My first experience of how impacting digital youth ministry could be was in the early 2000s, when a friend was managing a forum and fan site for a Christian band. The level of personal drama and angst those students were going through online was scary. Theological, social, and family tensions all made their way into forum posts, anxiously waiting some response and input. Since then, MySpace then Facebook have seriously disrupted social norms for those of us working with young people.
It’s like everyone online has their own twenty-four-hour satellite TV station running at full broadcast power, all the time, and we just change channels or tune in and out depending on what’s on.
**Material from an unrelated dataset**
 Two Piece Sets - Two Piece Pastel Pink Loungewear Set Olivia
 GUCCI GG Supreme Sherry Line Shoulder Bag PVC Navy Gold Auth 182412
It’s one of the few areas I think it’s wise to put caution before anything else. Digital reality is removed from all the nuances of body language, tone, and context. The danger is that anyone using social media can reveal too much out of context or inappropriately. When I think about young people dealing with normal or out-of-the-ordinary life and angst, my fear is that using social media as an outlet or a source of reassurance can push young people out of healthy contextualized relationships where they can deal well with their issues and frustrations.
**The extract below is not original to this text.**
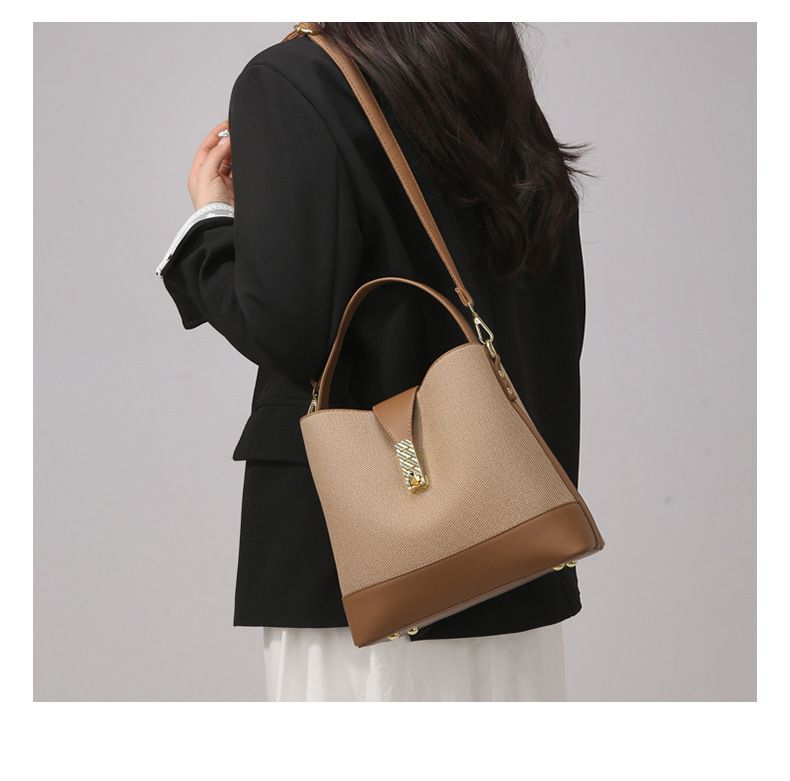 Borsa a secchiello da donna alla moda - Elegante borsa a spalla e a tracolla con più tasche per l'uso quotidiano (nero, beige, blu navy, marrone, rosa)_voghion.com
Similarly, it can create false expectations, false ideals to live up to. It’s easy to portray for yourself or observe in others a life that is better than—leading to unhealthy imitation or perspective. So here’s a few things I do and encourage others to do:
Be friendly with lists and privacy settings. You have to be transparent (so, perhaps consider living and displaying the kind of life on Facebook that doesn’t need any privacy), but you also need to be smart. Not all your family and friends on Facebook want to interact with your students. Always create lists and manage your post visibility according to lists; customize your security settings. This includes chat settings.
Can we talk about it offline? Rarely will discussing it online be helpful in the long term. I often make myself unavailable to chat online with students or with students’ parents. Both groups need face-to-face or phone time. However, if I’m online and a student chats to say hi, no problem. If the conversation turns serious, I take it to a phone call. Often students find the courage to type before they talk, but it’s my responsibility to turn text into talking by getting them on the phone or in a room. Same with text messaging; it’s just a no-no.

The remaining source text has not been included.